Not by flooding the circuit. But by natural growth and strategic aquisition.

They are possibly starting to flood the circuit since Carlyle bought them out.

And Uber has certainly taken market share.

Hailo is now on the back foot.

Get Taxi is not growing as it was.

Drivr is now out of the UK.

Wheely has been forced to drop rates to stupid levels to compete with Uber, £14 min and £2:30 a mile! In an S Class! Compared to £14min and £4 a mile on Uber.

But still Uber are only chasing the On Demand part of the market.

Corporate Accounts and prebooking are being ignored.

Which is silly as that is where the money is in London.

I know Private Hire drivers that have not done an on demand booking in 5 or 6 yrs it is all prebooks.

Anyway I have enjoyed that rant.

Sometimes you just have to vent.


----------



## Chris Dee (Nov 19, 2014)

AMBUDRIVER03 said:


> if you're driving a car that valuable, then you're in the wrong line of work for Uber, my friend... the market does not exist for a vehicle of that caliber YET, Not in your area...
> 
> By the looks of the pic in your profile, I'm guessing an ML or GL Mercedes... which here in LA/OC doesn't qualify for the new UberLux standard... You might call it LUX, but it's still XL to everyone else.
> 
> and if you're driving the most expensive of the GL/ML (the 63 AMGs) then you're definitely in the wrong business... The fuel cost is atrocious, and you'd be losing money on every X ride.


Fuel is not that bad, I am at 16 mpg. As for what I drive?
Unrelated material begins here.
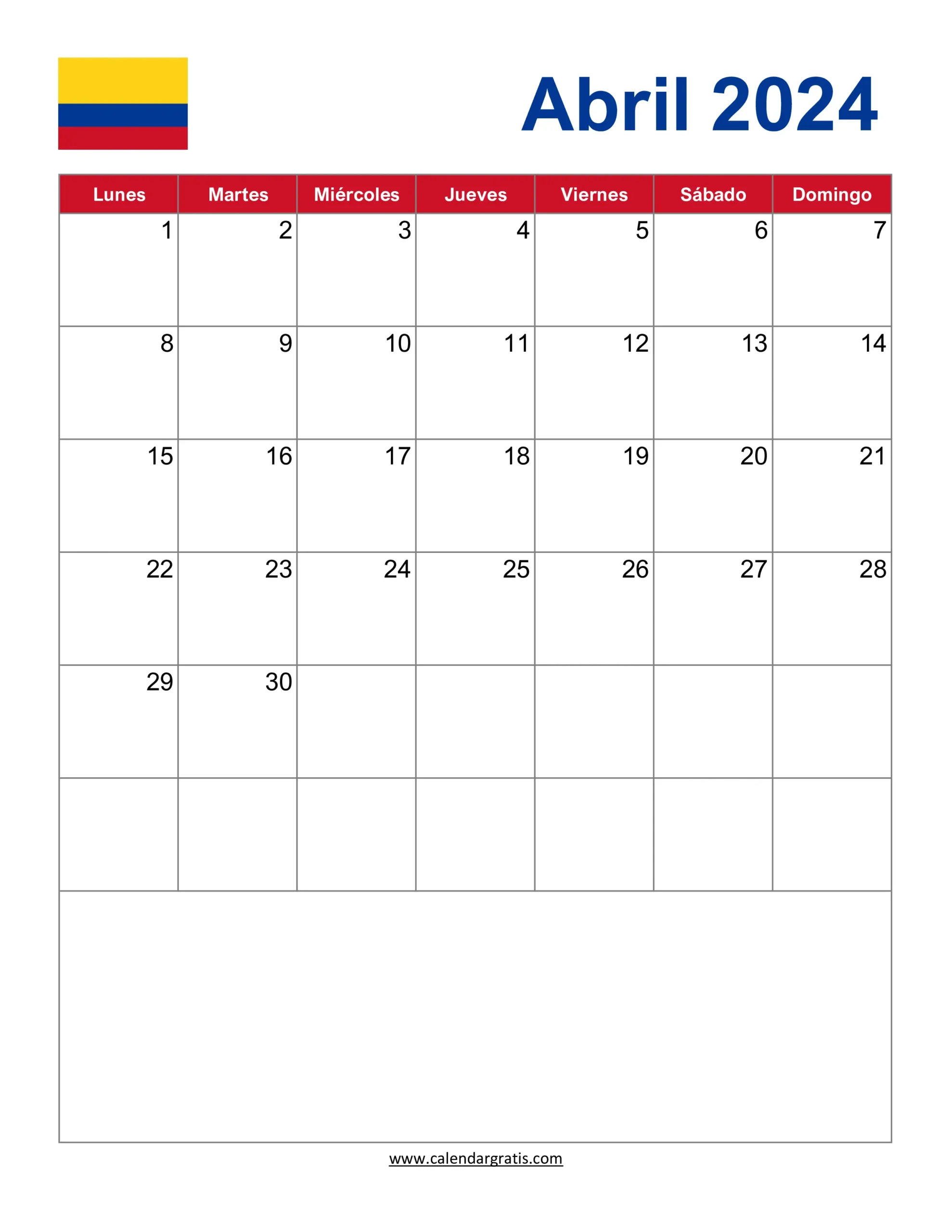 Calendario Abril 2024 Colombia para Imprimir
GL, it is SUV standard but Miami doesn't have that yet, SUV is the highest paying if I'm not mistaken and a higher standard than LUX. Soon it will be in Miami so don't worry, I'll be fine and so far for the three days I work I bring home more than enough for a tank of gas as well as what I do with my car is my choice so don't tell me I'm in the wrong line of work.


----------



## UberLuxbod (Sep 2, 2014)

I didn't know you had Lux in the US.

But no. SUV is not further up the pecking order than Lux.

Lux is the highest service provided by Uber.

Considering the cheapest LWB Chauffeur car is £60k with most closer to £70k they are in a different league to an SUV.

I do believe that the LWB Range Rover is allowed in UberLux but I doubt anybody would use a £100k Range to pick up the average UberLux punter.

Many Lux are considering dropping down to UberExec as a new E220cdi is £28k with discount.

This busineaa is about profit and profit alone.

We don't have SUV in London. A bit pointless as nobody would use an SUV for this kind of work as we have vehicles like the Ford Galaxy and Mercedes Viano which make more financial sense.

The only reason for the larger vehicles is either carrying more than 4 pax or extra luggage etc.

And in all honesty high end clients in the UK would choose a proper Range Rover (Not a Sport) instead of a GL.

Lux in the UK is the highest priced service.

The mileage rate is £4per mile and the only cars allowed are LWB cars such as S Class or similar. Though they did have a Bentley on there for a short period of time.

Anybody that thinks 16mpg is good for a working vehicle needs to reconsider the vehicle they have imho.

Any money you spend on fuel is money removed from your profit.


----------



## AMBUDRIVER03 (Jul 1, 2014)

Chris Dee said:


> Fuel is not that bad, I am at 16 mpg. As for what I drive? GL, it is SUV standard but Miami doesn't have that yet, SUV is the highest paying if I'm not mistaken and a higher standard than LUX. Soon it will be in Miami so don't worry, I'll be fine and so far for the three days I work I bring home more than enough for a tank of gas as well as what I do with my car is my choice so don't tell me I'm in the wrong line of work.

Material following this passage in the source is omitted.